20 May 2024

On Culture (2010-)

"The answers to the human problems of ecology are to be found in economy. And the answers to the problems of economy are to be found in culture and character. To fail to see this is to go on dividing the world falsely between guilty producers and innocent consumers." (Wendell Berry, "What Are People For?: Essays", 2010)

"Cultures are never merely intellectual constructs. They take form through the collective intelligence and memory, through a commonly held psychology and emotions, through spiritual and artistic communion." (Tariq Ramadan, "Islam and the Arab Awakening", 2012)

"Scientific method is the gateway into scientific discoveries that in turn prompt technological advances and cultural influences." (Hugh G Gauch Jr., "Scientific Method in Brief", 2012)

"A mathematical entity is a concept, a shared thought. Once you have acquired it, you have it available, for inspection or manipulation. If you understand it correctly (as a student, or as a professional) your ‘mental model’ of that entity, your personal representative of it, matches those of others who understand it correctly. (As is verified by giving the same answers to test questions.) The concept, the cultural entity, is nothing other than the collection of the mutually congruent personal representatives, the ‘mental models’, possessed by those participating in the mathematical culture." (Reuben Hersh, "Experiencing Mathematics: What Do We Do, when We Do Mathematics?", 2014)

"Culture is fuzzy, easy to caricature, amenable to oversimplifications, and often used as a catchall when all other explanations fail." (Zachary Karabell, "The Leading Indicators: A short history of the numbers that rule our world", 2014)

"All cultures organize themselves around a story, which tells them how the world came into being - a creation myth." (William Byers, "Deep Thinking: What Mathematics Can Teach Us About the Mind", 2015)

"Paradigm change necessarily involves a discontinuous jump. Reality is singular and each paradigm evokes its own reality. This is the reason that scientific paradigms are not changed without a great deal of conflict; the reason why deep thinking is so difficult and involves overcoming so much resistance both in the individual and in the larger culture. In fact it has been said that a scientist never really gives up the paradigm within which she has been trained." (William Byers, "Deep Thinking: What Mathematics Can Teach Us About the Mind", 2015)

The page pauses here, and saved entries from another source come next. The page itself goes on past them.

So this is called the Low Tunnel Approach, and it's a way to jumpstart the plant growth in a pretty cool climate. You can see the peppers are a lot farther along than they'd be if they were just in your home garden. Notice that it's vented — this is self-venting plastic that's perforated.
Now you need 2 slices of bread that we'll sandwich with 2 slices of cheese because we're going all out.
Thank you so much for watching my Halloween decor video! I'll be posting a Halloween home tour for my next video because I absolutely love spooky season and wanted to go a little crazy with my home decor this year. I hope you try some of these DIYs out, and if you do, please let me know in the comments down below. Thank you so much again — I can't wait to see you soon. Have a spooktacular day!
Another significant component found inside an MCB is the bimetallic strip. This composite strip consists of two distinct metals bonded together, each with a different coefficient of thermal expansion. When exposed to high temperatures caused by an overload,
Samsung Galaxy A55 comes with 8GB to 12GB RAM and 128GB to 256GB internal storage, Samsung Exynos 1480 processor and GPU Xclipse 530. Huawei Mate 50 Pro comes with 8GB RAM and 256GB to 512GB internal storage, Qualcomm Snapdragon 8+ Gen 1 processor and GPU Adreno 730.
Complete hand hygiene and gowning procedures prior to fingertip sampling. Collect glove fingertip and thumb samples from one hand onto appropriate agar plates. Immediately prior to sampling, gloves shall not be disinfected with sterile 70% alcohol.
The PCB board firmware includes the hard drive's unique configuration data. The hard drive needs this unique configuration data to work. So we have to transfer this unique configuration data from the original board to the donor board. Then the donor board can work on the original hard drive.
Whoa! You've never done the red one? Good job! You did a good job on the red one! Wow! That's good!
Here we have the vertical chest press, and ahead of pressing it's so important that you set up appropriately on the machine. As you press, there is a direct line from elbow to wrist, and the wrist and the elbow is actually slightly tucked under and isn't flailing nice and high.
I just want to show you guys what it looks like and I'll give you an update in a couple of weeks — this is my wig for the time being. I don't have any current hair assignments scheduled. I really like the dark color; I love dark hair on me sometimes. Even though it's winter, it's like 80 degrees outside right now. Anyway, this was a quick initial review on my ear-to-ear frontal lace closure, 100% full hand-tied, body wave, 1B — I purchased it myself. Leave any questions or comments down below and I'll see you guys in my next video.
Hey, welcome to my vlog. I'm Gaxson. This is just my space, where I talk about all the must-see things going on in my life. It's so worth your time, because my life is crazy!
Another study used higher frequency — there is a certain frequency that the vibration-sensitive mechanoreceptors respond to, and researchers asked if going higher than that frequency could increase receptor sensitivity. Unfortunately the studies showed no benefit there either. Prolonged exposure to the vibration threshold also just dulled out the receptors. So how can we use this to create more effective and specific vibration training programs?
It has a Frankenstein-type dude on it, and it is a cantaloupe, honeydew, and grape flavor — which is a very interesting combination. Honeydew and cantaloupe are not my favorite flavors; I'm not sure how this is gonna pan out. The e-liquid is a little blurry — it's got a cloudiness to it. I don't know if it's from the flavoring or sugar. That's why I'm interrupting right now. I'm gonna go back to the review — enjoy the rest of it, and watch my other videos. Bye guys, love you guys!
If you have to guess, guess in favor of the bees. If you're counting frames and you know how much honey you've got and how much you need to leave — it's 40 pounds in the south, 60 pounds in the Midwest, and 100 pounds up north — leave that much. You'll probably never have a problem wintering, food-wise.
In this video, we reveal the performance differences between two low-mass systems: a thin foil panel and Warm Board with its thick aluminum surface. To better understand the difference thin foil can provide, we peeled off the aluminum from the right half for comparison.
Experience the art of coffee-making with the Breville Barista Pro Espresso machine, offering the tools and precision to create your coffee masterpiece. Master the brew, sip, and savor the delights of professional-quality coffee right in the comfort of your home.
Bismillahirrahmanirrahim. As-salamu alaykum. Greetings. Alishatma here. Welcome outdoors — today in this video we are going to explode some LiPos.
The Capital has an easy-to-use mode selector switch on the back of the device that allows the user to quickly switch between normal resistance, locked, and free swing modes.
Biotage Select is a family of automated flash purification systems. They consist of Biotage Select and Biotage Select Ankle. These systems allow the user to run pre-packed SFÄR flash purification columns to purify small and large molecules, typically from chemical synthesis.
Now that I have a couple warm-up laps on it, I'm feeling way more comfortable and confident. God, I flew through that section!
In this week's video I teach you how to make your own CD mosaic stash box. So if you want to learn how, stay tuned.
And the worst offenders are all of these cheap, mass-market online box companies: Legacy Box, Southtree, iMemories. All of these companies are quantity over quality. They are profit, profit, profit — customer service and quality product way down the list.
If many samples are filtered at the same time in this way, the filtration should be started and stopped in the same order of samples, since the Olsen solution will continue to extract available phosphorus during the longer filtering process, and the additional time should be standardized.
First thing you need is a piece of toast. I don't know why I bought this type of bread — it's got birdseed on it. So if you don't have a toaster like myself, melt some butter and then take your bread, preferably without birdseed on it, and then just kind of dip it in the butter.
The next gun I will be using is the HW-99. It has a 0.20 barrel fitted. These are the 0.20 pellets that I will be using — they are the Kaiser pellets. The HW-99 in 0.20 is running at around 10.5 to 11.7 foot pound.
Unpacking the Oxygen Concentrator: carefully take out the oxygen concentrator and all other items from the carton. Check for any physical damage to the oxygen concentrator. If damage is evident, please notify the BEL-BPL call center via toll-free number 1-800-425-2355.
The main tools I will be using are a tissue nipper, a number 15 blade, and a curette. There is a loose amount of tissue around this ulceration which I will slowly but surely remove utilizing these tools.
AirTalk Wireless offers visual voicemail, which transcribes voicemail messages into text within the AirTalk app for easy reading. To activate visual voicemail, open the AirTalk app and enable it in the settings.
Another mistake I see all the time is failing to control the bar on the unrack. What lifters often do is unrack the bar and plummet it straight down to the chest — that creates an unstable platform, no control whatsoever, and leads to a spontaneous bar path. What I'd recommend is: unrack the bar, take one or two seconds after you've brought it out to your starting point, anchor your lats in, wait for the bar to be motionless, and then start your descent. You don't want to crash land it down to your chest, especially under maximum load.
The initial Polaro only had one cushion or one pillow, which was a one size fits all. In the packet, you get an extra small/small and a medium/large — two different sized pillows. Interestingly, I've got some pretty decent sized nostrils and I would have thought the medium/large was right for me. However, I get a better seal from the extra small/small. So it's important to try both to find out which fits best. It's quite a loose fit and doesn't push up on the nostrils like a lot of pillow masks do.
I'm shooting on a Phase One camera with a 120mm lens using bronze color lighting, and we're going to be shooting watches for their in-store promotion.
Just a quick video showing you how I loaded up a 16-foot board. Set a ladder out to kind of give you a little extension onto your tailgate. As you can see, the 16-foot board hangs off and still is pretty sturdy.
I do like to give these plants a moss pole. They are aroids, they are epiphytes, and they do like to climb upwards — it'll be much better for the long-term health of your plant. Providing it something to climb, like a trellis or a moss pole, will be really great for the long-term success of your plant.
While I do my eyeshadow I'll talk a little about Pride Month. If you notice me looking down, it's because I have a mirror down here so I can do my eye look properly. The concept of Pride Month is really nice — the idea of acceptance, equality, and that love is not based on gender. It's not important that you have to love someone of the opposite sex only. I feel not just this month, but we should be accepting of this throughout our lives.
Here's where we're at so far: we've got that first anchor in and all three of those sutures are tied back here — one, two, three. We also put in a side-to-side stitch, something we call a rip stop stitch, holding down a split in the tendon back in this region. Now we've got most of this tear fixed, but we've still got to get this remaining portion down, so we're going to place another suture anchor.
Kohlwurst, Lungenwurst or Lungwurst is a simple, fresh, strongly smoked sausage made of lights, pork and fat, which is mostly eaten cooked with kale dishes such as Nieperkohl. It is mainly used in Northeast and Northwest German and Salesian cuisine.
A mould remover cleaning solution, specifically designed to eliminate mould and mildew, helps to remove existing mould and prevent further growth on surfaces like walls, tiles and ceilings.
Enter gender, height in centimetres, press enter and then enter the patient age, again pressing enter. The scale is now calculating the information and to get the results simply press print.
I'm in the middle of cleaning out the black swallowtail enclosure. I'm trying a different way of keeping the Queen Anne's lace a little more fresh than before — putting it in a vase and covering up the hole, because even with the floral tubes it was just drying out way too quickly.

"When a culture is founded on the principle of immediacy of experience, there is no need for numeracy. It is impossible to consume more than one thing at a time, so differentiating between 'a small amount', 'a larger amount' and 'many' is enough for survival." (The Open University, "Understanding the environment: learning and communication", 2016)

"History of mathematics is done by mathematicians as well as historians. History models mathematics as a segment of the ongoing story of human culture. Mathematicians are likely to see the past through the eyes of the present, and ask, ‘Was it important? natural? deep? surprising? elegant?’ The historian sees mathematics as a thread in the ever-growing web of human life, intimately interwoven with finance and technology, with war and peace. Today's mathematics is the culmination of all that has happened before now, yet to future viewpoints it will seem like a brief, outmoded stage of the past." (Reuben Hersh, "Mathematics as an Empirical Phenomenon, Subject to Modeling", 2017)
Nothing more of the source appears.